Battery Costs in Stationary Energy Could Fall by up to 66%, Grow 17-Fold by 2030
The cost of battery storage for stationary applications could fall by up to 66 per cent by 2030, according to a new report published today by the International Renewable Energy Agency (IRENA). The falling price of batteries could stimulate 17-fold growth of installed battery storage, opening up a number of new commercial and economic opportunities, the report highlights.
Launched during the ‘Innovation for Cool Earth Forum’ in Tokyo, Japan, IRENA’s Electricity Storage and Renewables: Costs and Markets to 2030 assessment of electricity storage in stationary applications also found that global storage capacity could triple if countries double the share of renewables in the energy system.
“As storage technology improves and prices decline, both utility-scale and small-scale, distributed applications could grow dramatically, accelerating renewable energy deployment” said IRENA Director-General Adnan Z. Amin. “In this dynamic, low-carbon energy environment, now is a crucial time for storage technology.” added Mr. Amin.
“This research demonstrates that the business case for renewable energy continues to strengthen, positioning it firmly as a low-cost and secure source of energy supply," he concluded.
The report, which is focused on stationary applications, highlights that while pumped-hydro systems currently dominate total installed power storage capacity, with 96% of the installed electricity storage power globally, economies of scale and technology breakthroughs will support the accelerated development and adoption of alternative storage technologies, such as lithium-ion (Li-ion) batteries and flow batteries.

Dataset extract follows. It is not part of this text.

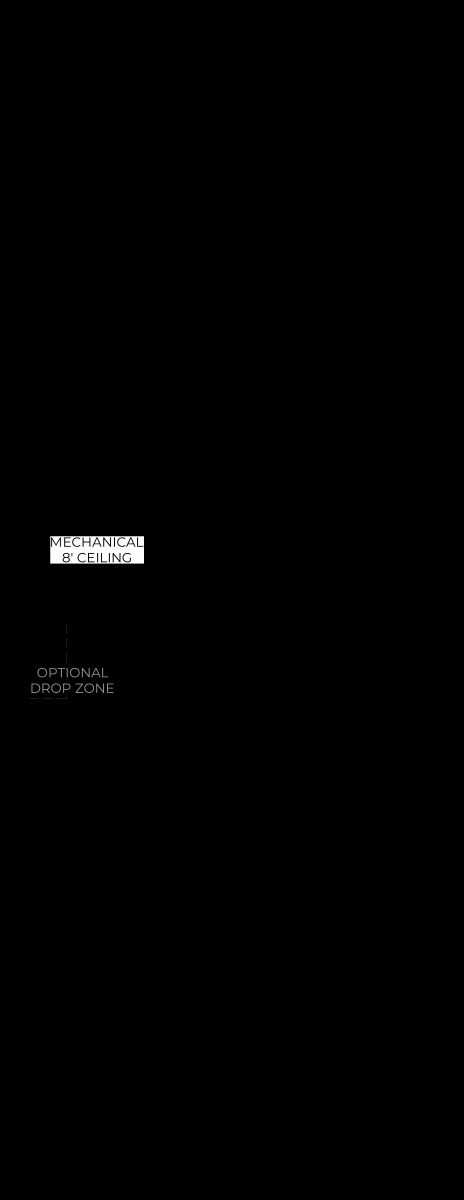 Lower Level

Stationary electricity storage can directly drive rapid decarbonisation in other key segments of energy use, such as in the transport sector where the viability of battery storage for electric vehicles (EVs) is improving fast. At the end of 2016, the cost of Li-ion batteries had fallen by as much as 73 per cent for transport applications from 2010.

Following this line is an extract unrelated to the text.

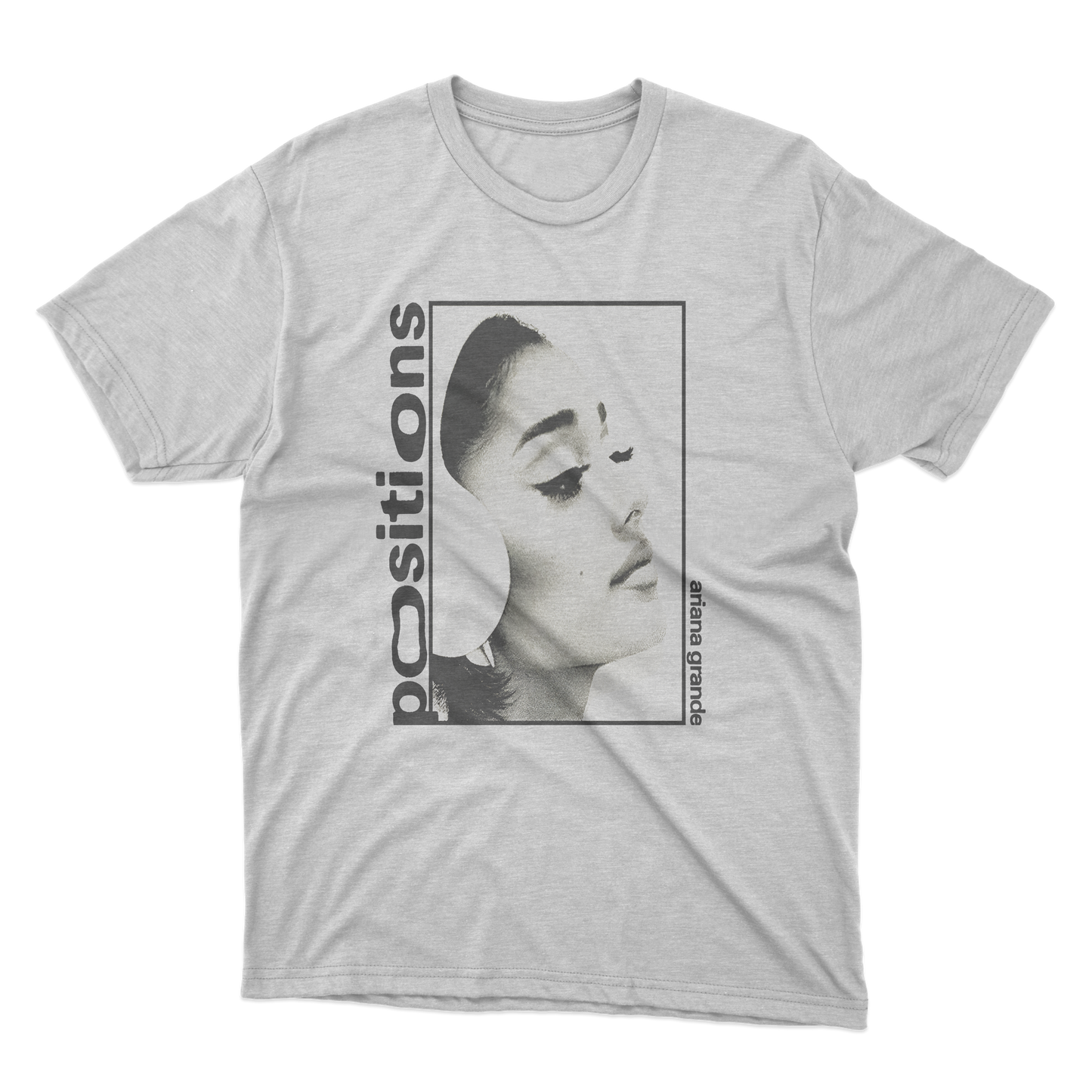 AGP Shirt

While Li-ion batteries in stationary applications have a higher installed cost than those used in EVs, in Germany, small-scale Li-ion battery systems have also seen their total installed costs fall by 60 per cent between the fourth quarter of 2014 and the second quarter of 2017.
“The growth of lithium-ion battery use in electric vehicles and across the transport sector over the next 10 to 15 years is an important synergy that will help drive down battery costs for stationary storage applications,” said Dolf Gielen, Director of the IRENA Innovation and Technology Centre and an author of the report. “The trend towards electrified mobility will also open up opportunities for electric vehicles to provide vehicle-to-grid services, helping feed a virtuous circle of renewable energy and storage integration.
“Storage technology will deliver service flexibility to the grid and electricity storage to small-scale rooftop solar applications in markets where commercial and residential electricity rates are high, and grid feed-in remuneration is declining,” concluded Mr. Gielen.
By 2030, the calendar life of Li-ion batteries could also increase by approximately 50 per cent, while the number of full cycles possible could potentially increase by as much as 90 per cent. Other battery storage technologies also offer large cost reduction potential. High temperature “sodium sulphur” batteries could see their costs decline by up to 60%, while the total installed cost of flow batteries could potentially fall by two-thirds by 2030. Although they are subject to higher up-front costs compared to other technologies, flow batteries often exceed 10,000 full cycles, balancing the costs with very high lifetime energy throughputs.